Pour les scientifiques, l'origine remonte très probablement au dégel d'un cadavre de renne mort de l'anthrax il y a plusieurs dizaines d'années. Libérée, la bactérie mortelle, un bacille facilement disséminé sous forme de spores, a ensuite infecté des troupeaux de rennes, nombreux dans la région.
"Est-ce qu'un tel processus peut se répéter? Bien sûr", a prévenu lors d'une récente conférence de presse Boris Kerchengoltz, chercheur spécialiste à l'Institut russe des problèmes biologiques du permafrost.
La Russie se réchauffe 2,5 fois plus vite en moyenne que le reste du monde et ce changement climatique est encore plus rapide en Arctique.
- Virus géants dans des mammouths -
A Yamal, péninsule peuplée surtout d'éleveurs nomades de rennes et située entre la mer de Kara et le golfe de l'Ob, les températures ont dépassé de 8 degrés la normale saisonnière en juillet, approchant 35 degrés.
"Nous parlons d'un endroit au delà du cercle polaire", observe Sergueï Semenov, directeur de l'Institut russe du climat. "C'est une anomalie sans précédent".
Pour les scientifiques, la menace est loin de se limiter à l'anthrax.
Examens médicaux à Yar-Sale, dans le Grand Nord russe, où un enfant est mort de la maladie du charbon fin juillet
"Il y a des restes de variole" dans le Grand Nord datant de la fin du XIXe siècle et les chercheurs ont découvert des "virus géants" dans des dépouilles de mammouths, actuellement étudiés, a expliqué Viktor Maléïev, directeur adjoint de l'Institut de recherche russe d'épidémiologie.
"Je pense que le changement climatique va nous apporter bien des surprises", a-t-il averti. "Je ne veux effrayer personne mais nous devrions y être prêts".
Pour cet expert, la propagation des cas d'anthrax aurait pu être mieux contenue si les rennes avaient été vaccinés massivement.
-'Signal d'alarme' -
Dmitri Kobylkine, le gouverneur de la région Yamalo-Nenetski, où plus de 2.000 rennes sont morts cet été, a indiqué que les vaccinations avaient cessé il y a une dizaine d'années, peut-être parce qu'on pensait que l'anthrax avait disparu depuis assez longtemps. "Une très grave erreur", a-t-il reconnu.
Il a estimé la zone affectée (celle contaminée à laquelle s'ajoute une zone tampon) à 12.650 km². "La désinfection se poursuivra tant que les analyses du sol n'auront pas montré qu'il n'y plus d'anthrax", a assuré le responsable.
Plus de 1.500 personnes ont été vaccinées et plus de 700 personnes à risque doivent prendre des antibiotiques, selon les autorités locales.
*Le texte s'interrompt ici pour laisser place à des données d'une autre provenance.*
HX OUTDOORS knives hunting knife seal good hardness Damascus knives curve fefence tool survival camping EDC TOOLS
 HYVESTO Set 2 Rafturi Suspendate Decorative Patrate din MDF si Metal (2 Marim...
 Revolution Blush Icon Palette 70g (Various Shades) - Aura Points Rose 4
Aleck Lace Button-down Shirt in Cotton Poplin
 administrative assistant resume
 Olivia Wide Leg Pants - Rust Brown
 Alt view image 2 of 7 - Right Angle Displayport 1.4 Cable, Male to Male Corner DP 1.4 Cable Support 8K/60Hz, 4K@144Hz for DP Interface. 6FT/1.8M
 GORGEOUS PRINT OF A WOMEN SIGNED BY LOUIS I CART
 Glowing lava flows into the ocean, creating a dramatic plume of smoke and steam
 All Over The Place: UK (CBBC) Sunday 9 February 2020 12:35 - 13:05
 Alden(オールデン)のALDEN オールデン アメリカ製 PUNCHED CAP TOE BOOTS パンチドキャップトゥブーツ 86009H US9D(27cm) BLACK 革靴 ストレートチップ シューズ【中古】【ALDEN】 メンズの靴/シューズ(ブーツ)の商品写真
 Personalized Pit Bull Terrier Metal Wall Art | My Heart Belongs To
Environ 270 soldats ont été déployés pour incinérer les dépouilles des animaux infectés.
Opérations de désinfection à Yar-Sale, dans la péninsule russe de Yamal, où des troupeaux de rennes ont contracté la maladie du charbon
Il s'agit d'un dispositif sans précédent en Russie "aussi bien en termes d'échelle que de complexité", a estimé le gouverneur. "Nous n'avions jamais envisagé une telle menace bactériologique", a-t-il reconnu.
Les scientifiques déplorent qu'à la place d'investir dans la recherche sur le changement climatique, les autorités réduisent les budgets alloués à la science et ne dépensent pratiquement plus que pour répondre aux situations d'urgence.
Valéri Malinine, océanologue de l'Institut russe d'hydrométéorologie, rappelle qu'un programme de recherche sur le climat avait été mis en place en 2010, quand une fumée suffocante a saisi Moscou à la suite d'incendies.... Avant d'être "de fait enterré", déplore le chercheur.
"Quand on est confronté à des phénomènes de destruction, on pense toujours qu'il aurait fallu les éviter, mais dès que les passions retombent, on oublie tout", regrette-t-il. "Yamal n'est qu'un signal d'alarme: la nature va continuer de nous défier".